Leisure: The Guggenheim Gamble

Sheldon Adelson throws his arms up, waves them with a flourish, and declares, “Not even Bugsy Siegel would have thought of this!” Adelson is presiding over the October opening of the Guggenheim Las Vegas and Guggenheim Hermitage museums of modern art at The Venetian, his Las Vegas resort. This is the art museum event of the year, and hundreds have turned out—museum trustees, movie stars, and journalists from around the world.

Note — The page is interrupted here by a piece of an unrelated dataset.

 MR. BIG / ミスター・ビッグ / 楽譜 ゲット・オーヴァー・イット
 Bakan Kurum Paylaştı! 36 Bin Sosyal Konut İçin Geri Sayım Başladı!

Missing from the throng are some prominent members of the art museum community. While the aftermath of September 11 has kept some at home, several probably would not have come anyway. Many of them feel that the new Guggenheims embody everything that is wrong with art museums today: cheeky architecture, elevation of popular culture over fine art, homage to box office rather than scholarship, style over substance. But not everyone in the art world feels that way. Some applaud exhibits designed to trigger attention, and think that marketing art does not have to mean dumbing it down.

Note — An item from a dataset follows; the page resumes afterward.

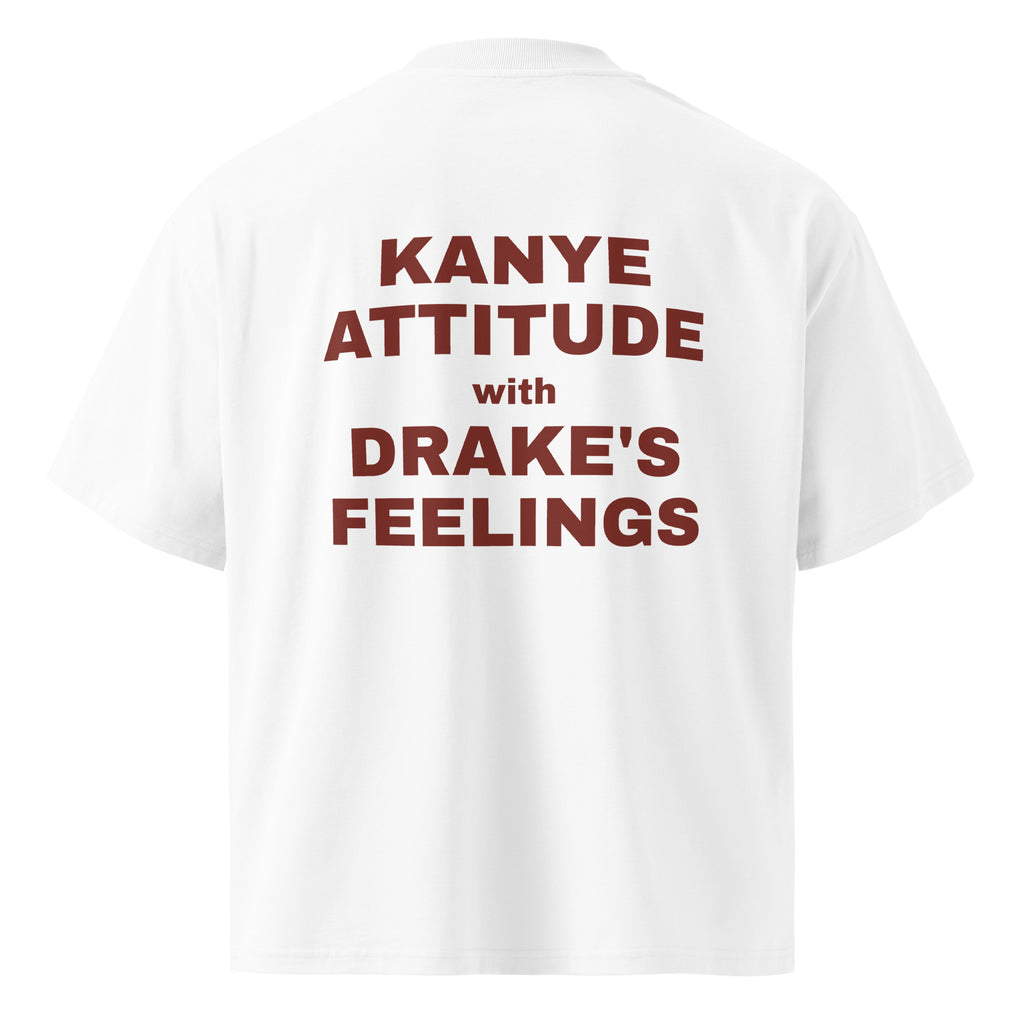 KANYE ATTITUDE WITH DRAKE'S FEELINGS oversized t-shirt – white back view | So True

Whether you feel that the new museums are twin shrines to populism or prove that art is dead, they do something that all important works of art must do: They compel the viewer to react.

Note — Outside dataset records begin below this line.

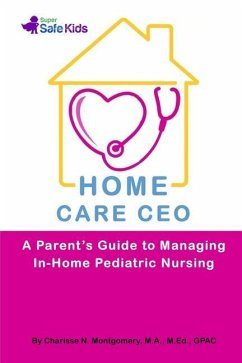 Home Care CEO: A Parent's Guide to Managing In-Home Pediatric Nursing - Montgomery, Charisse N.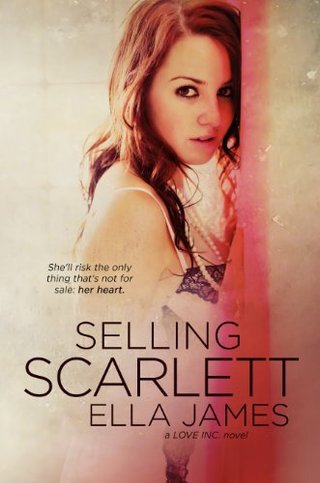"Selling Scarlett (A Love Inc. Novel)" av Ella James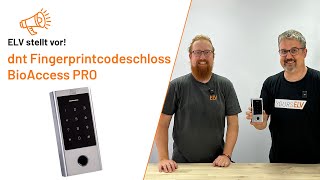 dnt Fingerprintcodeschloss BioAccess PRO - ELV stellt vor!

Guggenheim Las Vegas is a soaring 70-foot-high, steel-wall lean-to designed by ascetic architect Rem Koolhaas for large-scale contemporary sculpture, and cut to bedazzling ribbons by Frank Gehry’s signature rolling stainless steel work. The Guggenheim Hermitage Museum, also designed by Koolhaas, is a smaller space expressly styled for blockbuster shows of known quantities—people-pleasing easel paintings by household names. Its rusted Cor-Ten steel walls match the reddish velvet walls of the State Hermitage Museum of Russia, which supplies the space with loans from its collection.

It can be argued that neither of the new Guggenheims is a true museum. Art museums are institutions that collect, preserve, and study works of art, as well as display them. The Guggenheim museums in Las Vegas are exhibit halls, period. It seems fitting, then, that

The Art of the Motorcycle is the inaugural exhibit at the Guggenheim Las Vegas. When it debuted at the Fifth Avenue Guggenheim in 1998, many questioned whether the assemblage of motorcycles warranted an art museum exhibit. However, there was no question about the popularity of The Art of the Motorcycle. It attracted the largest crowd in the museum’s history.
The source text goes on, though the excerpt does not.